Thursday, 15 March 2012

Veal Braised in Chianti

This is a fabulous recipe from Tuscany using a bottle of Chianti in which to very slowly braise Tendron de Veau, which is a perfect cut and which happened to be on offer in our local supermarket. I found a bottle of Chianti Piccini from the co-operative in Castellina-in-Chianti where we stayed some years ago in a wonderful little farm building high in the Tuscan hills.

The slow cooking mellows the amount of freshly ground black pepper included. So, grab the following; and this is for about 3 to 4 persons.

970 gr of veal breast.
half a dozen good cloves of garlic.
1 bottle of Chianti.
2 soup spoons of freshly ground pepper - pepper corns in the coffee grinder!
fresh sea salt, rosemary sprigs and a bay leaf.

Cut up the veal; and with any bones, put them into a heavy based pot like a Le Creuset. Add the other ingredients and pour in the wine - yes, the whole bottle! Bring it to a simmer, cover with a heavy lid making sure the wine covers all the ingredients and place it into a pre-heated oven at 150C... no idea what that is in Gas...

This is the stew just starting to bubble... leave it in the oven for several hours, go and shop, do some work, go for a long walk, and then it will be ready to devour...

I'm going to buy a Romanesco type cauli and do that with some of those funny dark red carrots, and maybe serve with some polenta in separate little pots...

As I type this out and change things about, adding this, editing that, the smell from the oven is just delicious.
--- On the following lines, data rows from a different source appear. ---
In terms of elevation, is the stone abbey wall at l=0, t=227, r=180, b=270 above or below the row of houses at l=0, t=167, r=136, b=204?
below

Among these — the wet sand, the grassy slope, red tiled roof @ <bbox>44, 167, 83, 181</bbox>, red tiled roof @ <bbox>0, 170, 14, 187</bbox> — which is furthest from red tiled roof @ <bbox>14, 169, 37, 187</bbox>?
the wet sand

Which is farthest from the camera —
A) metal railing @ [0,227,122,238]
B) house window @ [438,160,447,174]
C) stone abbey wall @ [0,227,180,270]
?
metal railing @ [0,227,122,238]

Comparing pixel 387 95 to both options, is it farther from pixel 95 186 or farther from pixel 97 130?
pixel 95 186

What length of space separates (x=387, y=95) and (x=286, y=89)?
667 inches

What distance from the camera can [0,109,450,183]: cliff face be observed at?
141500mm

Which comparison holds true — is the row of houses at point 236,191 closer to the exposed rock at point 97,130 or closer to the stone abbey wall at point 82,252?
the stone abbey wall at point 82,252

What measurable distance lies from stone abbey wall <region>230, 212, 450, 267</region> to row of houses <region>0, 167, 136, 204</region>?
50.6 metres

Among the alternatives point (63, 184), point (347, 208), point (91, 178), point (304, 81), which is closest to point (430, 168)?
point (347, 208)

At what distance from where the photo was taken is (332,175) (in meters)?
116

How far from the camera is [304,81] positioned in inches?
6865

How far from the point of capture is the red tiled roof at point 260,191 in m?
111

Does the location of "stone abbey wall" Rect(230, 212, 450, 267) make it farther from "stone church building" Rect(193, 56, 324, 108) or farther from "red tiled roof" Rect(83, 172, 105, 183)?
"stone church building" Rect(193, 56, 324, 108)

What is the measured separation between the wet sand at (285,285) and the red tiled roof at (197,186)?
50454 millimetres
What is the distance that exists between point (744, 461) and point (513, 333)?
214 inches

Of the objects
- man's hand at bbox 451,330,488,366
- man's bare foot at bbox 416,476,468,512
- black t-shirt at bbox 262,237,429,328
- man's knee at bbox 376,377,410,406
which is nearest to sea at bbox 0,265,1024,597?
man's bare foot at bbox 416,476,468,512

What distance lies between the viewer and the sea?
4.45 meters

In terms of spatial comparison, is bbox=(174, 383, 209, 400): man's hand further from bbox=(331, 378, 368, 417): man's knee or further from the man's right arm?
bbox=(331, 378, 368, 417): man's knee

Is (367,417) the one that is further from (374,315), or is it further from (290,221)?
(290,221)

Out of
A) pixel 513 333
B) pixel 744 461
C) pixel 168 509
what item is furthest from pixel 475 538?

My mouth is watering so much I have to go out and  play.

I'll let you, my dear reader, know how good it was or even how it was not...

And to drink? Well, I have set aside a Brunello di Montalcino 2002, which is conspicuous by it's absense from Hugh Johnson's 2011 Pocket Wine Book...I hope that won't prove to have been a waste of money in Tuscany several years ago.

Tuesday 20th March...
I ate it again last night. My bum is burning. I had the last portion that couldn't be eaten on Saturday night and which we found, spoiled the wine because it was far too hot. 4 tablespoons of ground black pepper with 2.5 kilos of meat was the recipe's original proposal, and I put 2 soup spoons (slightly less than a tablespoon) into a fraction under 1 kilo of meat, and although it wasn't a vindaloo, it was hotter than the average Italian would want I'm sure. At least we drank most of the wine before we sat down to eat and so only the last mouthful was ruined before we went on to a more robust Côtes du Rhone. 

This must be a misprint in the book.